RECORDS FOR PROCESSING:
###
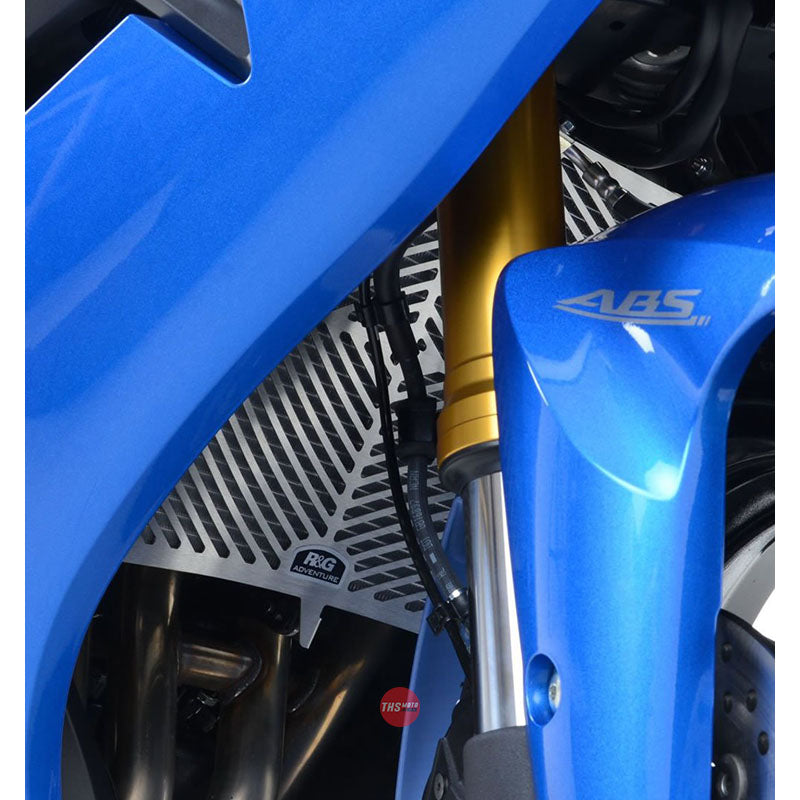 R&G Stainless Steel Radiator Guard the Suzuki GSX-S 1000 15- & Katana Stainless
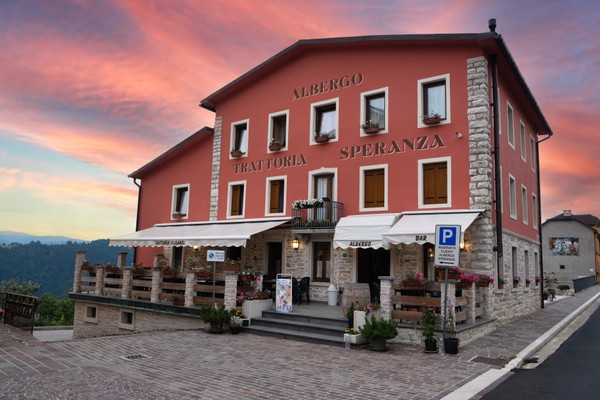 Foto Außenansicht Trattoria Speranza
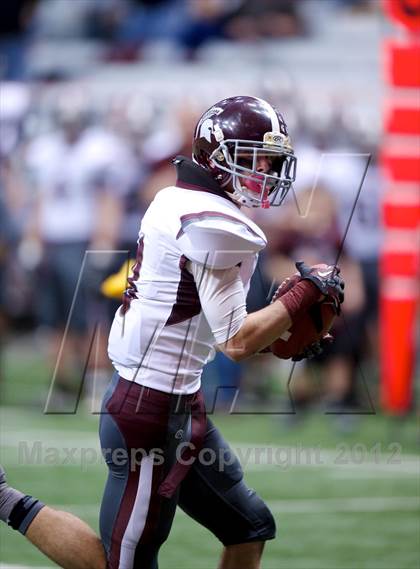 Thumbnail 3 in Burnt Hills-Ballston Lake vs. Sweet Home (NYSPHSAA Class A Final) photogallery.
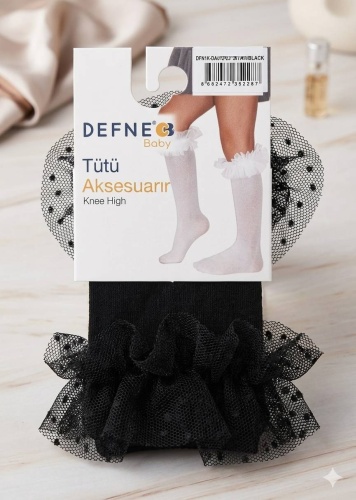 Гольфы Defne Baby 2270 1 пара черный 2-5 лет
###
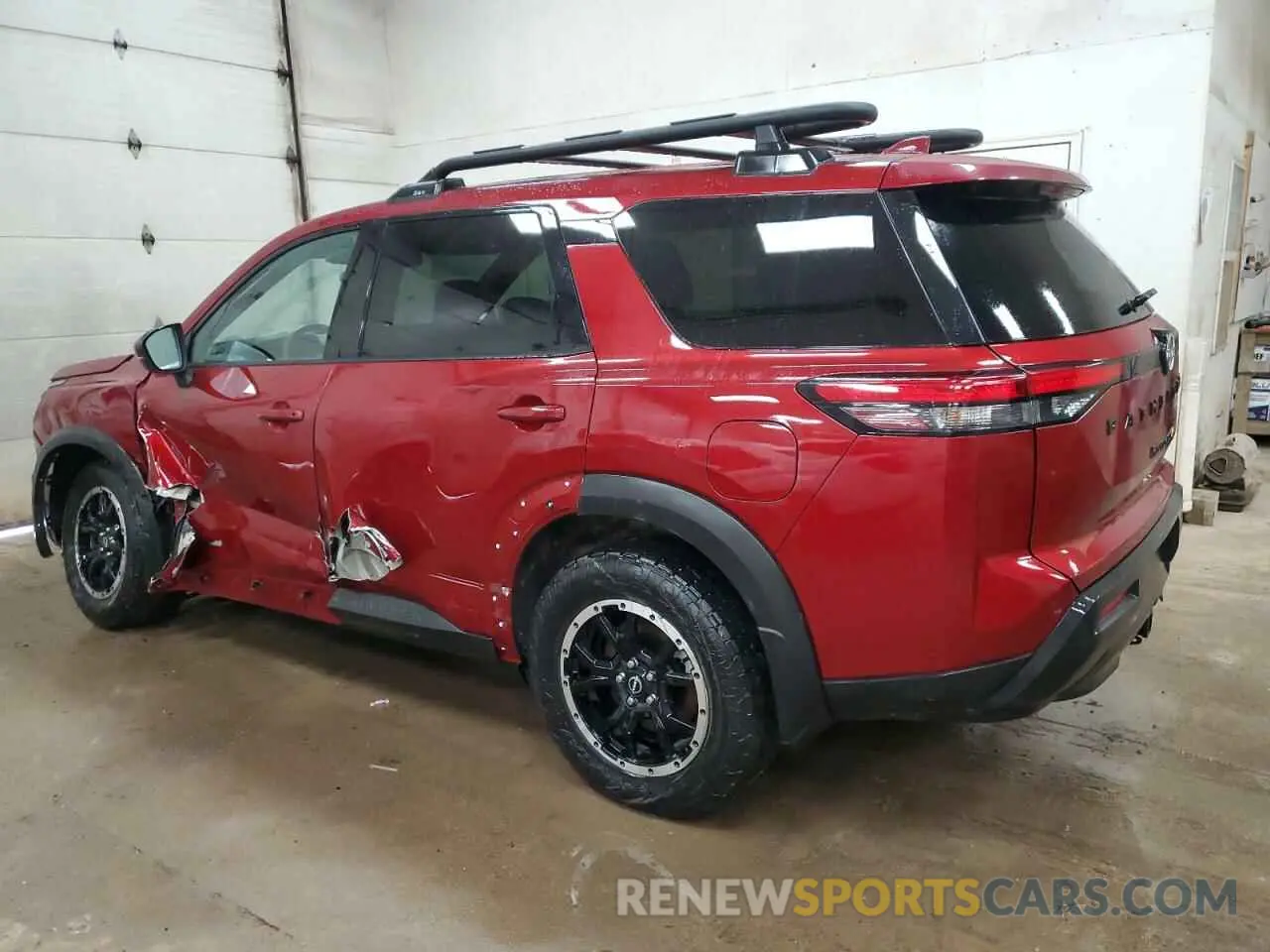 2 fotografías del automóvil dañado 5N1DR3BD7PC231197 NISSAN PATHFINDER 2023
###
Your reply should hold nothing but the lines above, from the one containing "R&G Stainless Steel" to the one containing "Гольфы Defne Baby 2270 1 пара черный 2-5 лет", reproduced exactly minus the pictures.

 R&G Stainless Steel Radiator Guard the Suzuki GSX-S 1000 15- & Katana Stainless
 Foto Außenansicht Trattoria Speranza
 Thumbnail 3 in Burnt Hills-Ballston Lake vs. Sweet Home (NYSPHSAA Class A Final) photogallery.
 Гольфы Defne Baby 2270 1 пара черный 2-5 лет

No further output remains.